В безударном положении это просто звук, близкий к "и". Так что, по моему мнению, в транскрипции, приведенной в первом посте, все верно. 
[ˈstɑlkʲɪr] - that's correct.

P.S. Конечно, это зависит еще от диалектной предрасположенности диктора. 

У Московской и у Питерской фонетическиx школ по этому поводу существуют довольно значительные разногласия, насколько я помню из курсов фонетики и диалектологии. 


А Россия - это огромная страна с огромным количеством диалектов, которые можно определить по речи говорящих. Как в "Пигмалионе". 
Не говоря уже о людях, которые живут за пределами России, но считают русский своим родным языком. Это тема для целой диссертации. 
Для ста диссертаций, пожалуй.


----------



## Lars von Trier

covar said:


> Рашид Сафиуллин, NiNulla and I, we pronounce the word "сталкер" correctly.

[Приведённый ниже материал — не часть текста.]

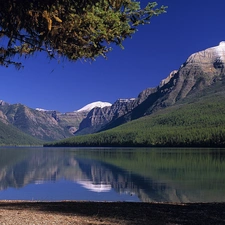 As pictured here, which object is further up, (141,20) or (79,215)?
(141,20)

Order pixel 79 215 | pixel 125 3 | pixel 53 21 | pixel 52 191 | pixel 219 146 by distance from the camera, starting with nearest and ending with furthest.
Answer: pixel 53 21, pixel 125 3, pixel 79 215, pixel 52 191, pixel 219 146

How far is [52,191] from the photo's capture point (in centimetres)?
3906

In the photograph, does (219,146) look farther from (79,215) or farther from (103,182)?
(79,215)

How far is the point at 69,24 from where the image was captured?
1145 centimetres

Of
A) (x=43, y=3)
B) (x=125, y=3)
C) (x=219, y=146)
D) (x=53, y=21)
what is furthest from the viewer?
(x=219, y=146)

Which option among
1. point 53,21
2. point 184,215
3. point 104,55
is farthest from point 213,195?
point 53,21

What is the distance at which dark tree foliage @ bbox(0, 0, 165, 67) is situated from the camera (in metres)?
10.4

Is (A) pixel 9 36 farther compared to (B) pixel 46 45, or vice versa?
(B) pixel 46 45

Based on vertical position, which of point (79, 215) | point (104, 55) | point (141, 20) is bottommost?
point (79, 215)

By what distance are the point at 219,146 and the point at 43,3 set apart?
164203mm

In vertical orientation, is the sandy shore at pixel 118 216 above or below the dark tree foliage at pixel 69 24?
below

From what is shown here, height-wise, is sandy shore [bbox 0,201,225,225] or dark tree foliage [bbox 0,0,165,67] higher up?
dark tree foliage [bbox 0,0,165,67]

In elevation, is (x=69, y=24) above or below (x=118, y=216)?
above

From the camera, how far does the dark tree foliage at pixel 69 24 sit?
34.0 ft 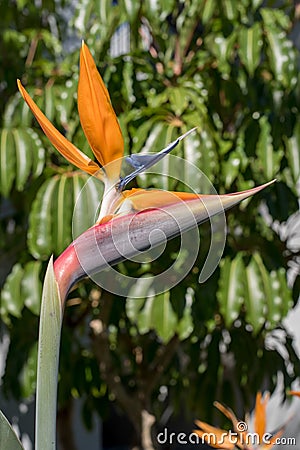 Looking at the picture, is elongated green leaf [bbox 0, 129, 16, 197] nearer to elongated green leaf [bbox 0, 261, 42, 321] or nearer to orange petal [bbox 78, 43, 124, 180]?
elongated green leaf [bbox 0, 261, 42, 321]

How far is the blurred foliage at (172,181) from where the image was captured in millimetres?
1553

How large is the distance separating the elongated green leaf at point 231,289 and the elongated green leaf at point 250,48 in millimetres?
396

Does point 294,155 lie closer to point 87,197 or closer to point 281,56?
point 281,56

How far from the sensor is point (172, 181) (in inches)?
55.0

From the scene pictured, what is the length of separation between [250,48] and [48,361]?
1.19 m

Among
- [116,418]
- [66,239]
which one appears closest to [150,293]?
[66,239]

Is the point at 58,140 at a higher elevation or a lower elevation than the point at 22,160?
higher

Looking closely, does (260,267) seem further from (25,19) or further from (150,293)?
(25,19)

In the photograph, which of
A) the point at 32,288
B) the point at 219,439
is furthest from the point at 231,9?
the point at 219,439

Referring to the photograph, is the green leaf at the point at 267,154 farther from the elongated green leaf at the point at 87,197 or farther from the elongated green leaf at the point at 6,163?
the elongated green leaf at the point at 6,163

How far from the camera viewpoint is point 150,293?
→ 4.83 ft

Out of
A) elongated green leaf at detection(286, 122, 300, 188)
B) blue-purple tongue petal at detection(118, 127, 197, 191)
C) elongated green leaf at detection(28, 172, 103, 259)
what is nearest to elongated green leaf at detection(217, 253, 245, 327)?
elongated green leaf at detection(286, 122, 300, 188)

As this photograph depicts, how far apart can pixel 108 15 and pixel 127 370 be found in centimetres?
100

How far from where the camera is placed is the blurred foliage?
61.1 inches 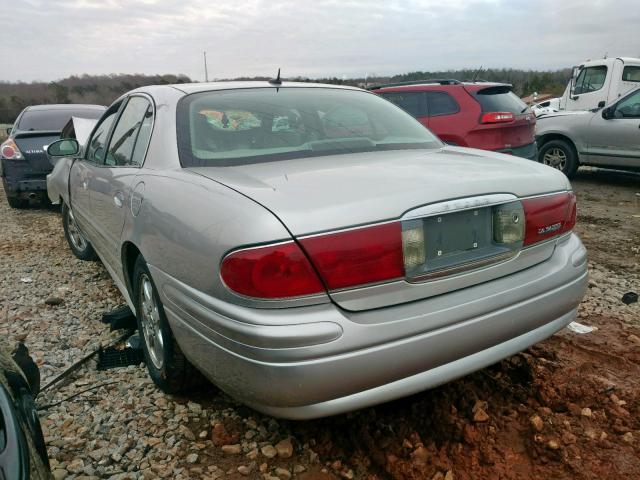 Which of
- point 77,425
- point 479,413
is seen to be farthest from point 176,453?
point 479,413

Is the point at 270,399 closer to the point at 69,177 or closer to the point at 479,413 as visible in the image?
the point at 479,413

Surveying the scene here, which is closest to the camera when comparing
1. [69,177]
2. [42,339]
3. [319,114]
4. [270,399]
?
[270,399]

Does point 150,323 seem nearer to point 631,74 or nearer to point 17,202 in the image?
point 17,202

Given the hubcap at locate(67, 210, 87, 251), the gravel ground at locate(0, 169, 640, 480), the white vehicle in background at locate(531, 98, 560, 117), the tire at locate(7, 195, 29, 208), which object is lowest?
the gravel ground at locate(0, 169, 640, 480)

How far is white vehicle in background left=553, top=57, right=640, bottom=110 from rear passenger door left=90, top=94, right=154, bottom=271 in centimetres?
1191

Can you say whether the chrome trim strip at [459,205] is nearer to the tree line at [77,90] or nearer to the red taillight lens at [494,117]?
the red taillight lens at [494,117]

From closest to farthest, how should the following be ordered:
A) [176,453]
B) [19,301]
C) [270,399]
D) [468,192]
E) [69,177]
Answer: [270,399] < [468,192] < [176,453] < [19,301] < [69,177]

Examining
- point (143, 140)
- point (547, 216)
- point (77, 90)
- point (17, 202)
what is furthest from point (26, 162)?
point (77, 90)

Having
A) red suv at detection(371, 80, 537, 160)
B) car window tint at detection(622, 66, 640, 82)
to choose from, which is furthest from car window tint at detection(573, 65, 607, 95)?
red suv at detection(371, 80, 537, 160)

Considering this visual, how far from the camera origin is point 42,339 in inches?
137

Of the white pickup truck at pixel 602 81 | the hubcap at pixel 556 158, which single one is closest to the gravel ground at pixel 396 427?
the hubcap at pixel 556 158

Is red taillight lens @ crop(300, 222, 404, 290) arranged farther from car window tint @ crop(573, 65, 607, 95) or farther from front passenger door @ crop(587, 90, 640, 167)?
car window tint @ crop(573, 65, 607, 95)

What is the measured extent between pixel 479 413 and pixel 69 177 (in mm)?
3860

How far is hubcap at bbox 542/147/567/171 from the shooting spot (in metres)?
9.23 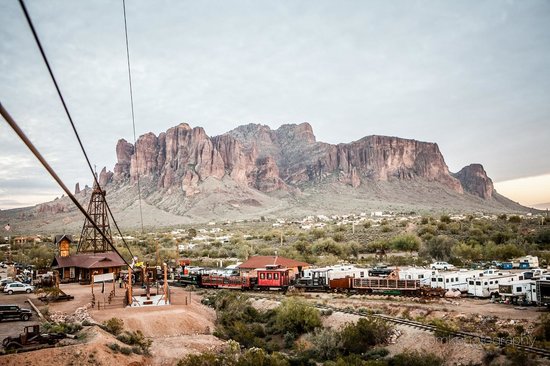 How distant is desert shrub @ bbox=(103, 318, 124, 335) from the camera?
2381 centimetres

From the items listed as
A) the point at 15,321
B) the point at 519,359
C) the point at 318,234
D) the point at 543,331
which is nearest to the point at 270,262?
the point at 15,321

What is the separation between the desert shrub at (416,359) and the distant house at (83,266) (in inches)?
1304

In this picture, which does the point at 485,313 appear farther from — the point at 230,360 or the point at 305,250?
the point at 305,250

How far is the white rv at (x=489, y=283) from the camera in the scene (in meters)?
30.8

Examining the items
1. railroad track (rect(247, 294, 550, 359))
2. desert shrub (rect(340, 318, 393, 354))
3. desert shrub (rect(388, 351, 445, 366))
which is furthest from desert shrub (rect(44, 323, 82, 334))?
desert shrub (rect(388, 351, 445, 366))

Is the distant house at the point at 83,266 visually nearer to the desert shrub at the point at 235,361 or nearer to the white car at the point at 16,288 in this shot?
the white car at the point at 16,288

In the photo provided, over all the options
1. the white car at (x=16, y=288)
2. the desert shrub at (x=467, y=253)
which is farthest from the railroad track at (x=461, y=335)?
the desert shrub at (x=467, y=253)

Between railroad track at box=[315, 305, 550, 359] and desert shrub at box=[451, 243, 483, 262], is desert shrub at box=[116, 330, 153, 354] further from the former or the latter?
desert shrub at box=[451, 243, 483, 262]

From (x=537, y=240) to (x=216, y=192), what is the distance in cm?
12096

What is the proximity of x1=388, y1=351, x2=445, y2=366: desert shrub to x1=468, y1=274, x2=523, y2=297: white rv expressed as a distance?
43.1 ft

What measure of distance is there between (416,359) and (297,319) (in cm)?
951

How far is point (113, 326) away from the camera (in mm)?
24156

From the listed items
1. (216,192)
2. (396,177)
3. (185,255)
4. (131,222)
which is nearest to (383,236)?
(185,255)

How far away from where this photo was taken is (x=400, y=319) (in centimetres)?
2580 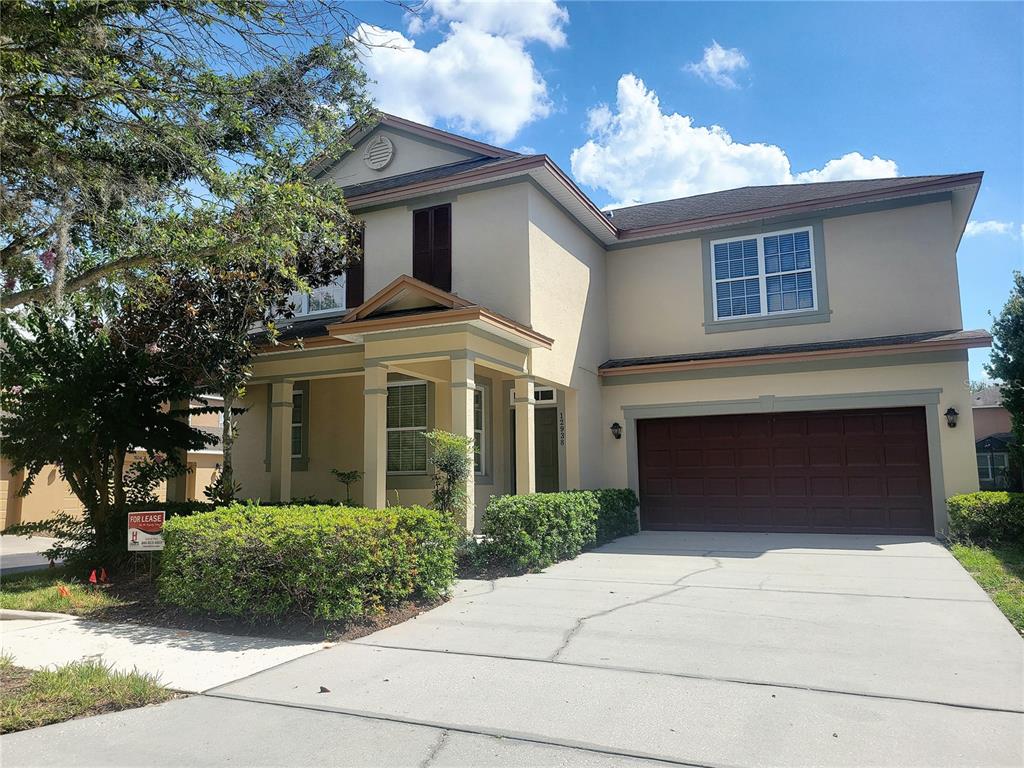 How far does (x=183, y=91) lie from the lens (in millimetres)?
6910

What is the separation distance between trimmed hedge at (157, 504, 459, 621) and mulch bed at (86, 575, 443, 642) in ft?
0.35

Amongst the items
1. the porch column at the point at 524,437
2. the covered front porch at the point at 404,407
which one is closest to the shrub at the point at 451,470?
the covered front porch at the point at 404,407

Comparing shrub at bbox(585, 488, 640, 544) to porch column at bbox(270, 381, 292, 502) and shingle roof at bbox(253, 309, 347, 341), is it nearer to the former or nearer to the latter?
porch column at bbox(270, 381, 292, 502)

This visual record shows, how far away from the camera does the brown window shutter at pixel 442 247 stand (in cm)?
1303

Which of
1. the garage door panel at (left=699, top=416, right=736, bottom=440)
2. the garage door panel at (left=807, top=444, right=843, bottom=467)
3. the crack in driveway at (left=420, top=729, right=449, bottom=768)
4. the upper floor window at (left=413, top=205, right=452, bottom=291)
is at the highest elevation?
the upper floor window at (left=413, top=205, right=452, bottom=291)

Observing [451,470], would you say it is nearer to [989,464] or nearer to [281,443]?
[281,443]

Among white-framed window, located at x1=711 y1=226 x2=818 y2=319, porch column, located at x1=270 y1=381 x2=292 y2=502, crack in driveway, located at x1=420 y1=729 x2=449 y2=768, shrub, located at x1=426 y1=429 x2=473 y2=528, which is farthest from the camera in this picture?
white-framed window, located at x1=711 y1=226 x2=818 y2=319

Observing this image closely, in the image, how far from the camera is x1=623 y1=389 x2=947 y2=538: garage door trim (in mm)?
12516

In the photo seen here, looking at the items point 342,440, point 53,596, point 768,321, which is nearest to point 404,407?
point 342,440

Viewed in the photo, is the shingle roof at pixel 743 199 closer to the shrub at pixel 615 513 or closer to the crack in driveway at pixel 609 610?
the shrub at pixel 615 513

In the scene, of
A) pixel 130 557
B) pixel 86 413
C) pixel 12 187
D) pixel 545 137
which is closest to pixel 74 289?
pixel 12 187

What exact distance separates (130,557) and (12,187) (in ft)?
16.8

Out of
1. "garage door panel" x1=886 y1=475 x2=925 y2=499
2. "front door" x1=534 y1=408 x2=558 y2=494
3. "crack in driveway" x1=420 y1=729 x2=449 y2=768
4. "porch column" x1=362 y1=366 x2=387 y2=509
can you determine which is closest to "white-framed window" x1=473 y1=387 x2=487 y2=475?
"front door" x1=534 y1=408 x2=558 y2=494

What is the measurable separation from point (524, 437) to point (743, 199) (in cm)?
787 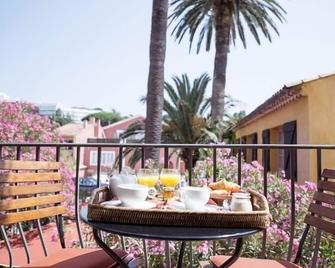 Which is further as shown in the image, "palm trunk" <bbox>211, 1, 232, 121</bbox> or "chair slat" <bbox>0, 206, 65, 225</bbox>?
"palm trunk" <bbox>211, 1, 232, 121</bbox>

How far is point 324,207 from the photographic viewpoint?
6.79ft

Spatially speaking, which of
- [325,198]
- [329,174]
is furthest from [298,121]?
[325,198]

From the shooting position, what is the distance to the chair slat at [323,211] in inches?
77.1

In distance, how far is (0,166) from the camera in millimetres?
2104

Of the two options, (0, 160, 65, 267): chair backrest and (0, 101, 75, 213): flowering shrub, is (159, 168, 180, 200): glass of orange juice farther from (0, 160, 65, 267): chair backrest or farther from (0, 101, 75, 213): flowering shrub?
(0, 101, 75, 213): flowering shrub

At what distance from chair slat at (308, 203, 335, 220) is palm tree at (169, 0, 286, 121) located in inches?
485

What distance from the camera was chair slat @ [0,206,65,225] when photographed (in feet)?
6.49

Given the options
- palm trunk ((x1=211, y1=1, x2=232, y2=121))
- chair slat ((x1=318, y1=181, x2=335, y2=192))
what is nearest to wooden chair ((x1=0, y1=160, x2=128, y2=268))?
chair slat ((x1=318, y1=181, x2=335, y2=192))

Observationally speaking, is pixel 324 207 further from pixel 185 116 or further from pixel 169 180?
pixel 185 116

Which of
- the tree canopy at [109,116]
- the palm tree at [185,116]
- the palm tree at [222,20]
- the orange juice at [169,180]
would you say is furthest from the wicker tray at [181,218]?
the tree canopy at [109,116]

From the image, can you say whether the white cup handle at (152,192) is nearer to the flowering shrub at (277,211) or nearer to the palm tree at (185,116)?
the flowering shrub at (277,211)

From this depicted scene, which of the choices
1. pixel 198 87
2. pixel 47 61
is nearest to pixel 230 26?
pixel 198 87

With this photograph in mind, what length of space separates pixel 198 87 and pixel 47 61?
9.42 meters

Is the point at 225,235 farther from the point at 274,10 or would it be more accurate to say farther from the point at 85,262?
the point at 274,10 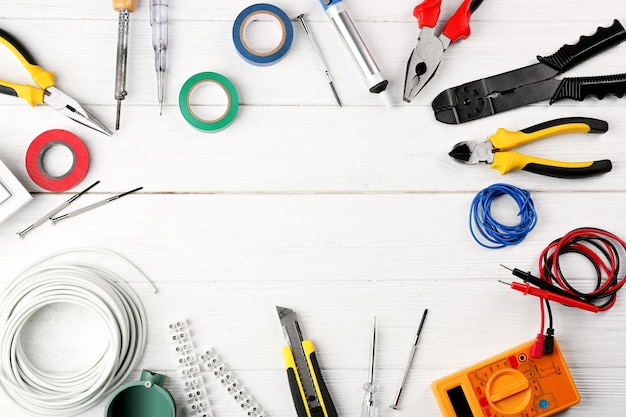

Тогда мы все произносим «сталкер» так же. Тем не менее, ваша запись, честно говоря, звучала как произношение без буквы Л - как «стокер» или что-то. Я лично встречался с обеими версиями среди русскоязычных, и «stalker» видь произносится «стокер» на английском, так что у меня были все основания для неуверенности.




NiNulla said:


> [ie] возможно в случае, если слог под ударением: "снег", например. Tо есть, когда звук тянется.
> В безударном положении это просто звук, близкий к "и". Так что, по моему мнению, в транскрипции, приведенной в первом посте, все верно.
> [ˈstɑlkʲɪr] - that's correct.
> 
> P.S. Конечно, это зависит еще от диалектной предрасположенности диктора.
> 
> У Московской и у Питерской фонетической школ по этому поводу существуют довольно значительные разногласия, насколько я помню из курсов фонетики и диалектологии.



Мне кажется, что есть определенная степень субъективности в таких фонетических определениях. Мне, собственно, вообще не слышиться, как «сталкер» может быть слово, содержащее «и».


----------



## NiNulla

lars von trier said:


> тогда мы все произносим «сталкер» так же. тем не менее, ваша запись, честно говоря, звучала как произношение без буквы л - как «стокер» или что-то. я лично встречался с обеими версиями среди русскоязычных, и «stalker» видь произносится «стокер» на английском, так что у меня были все основания для неуверенности.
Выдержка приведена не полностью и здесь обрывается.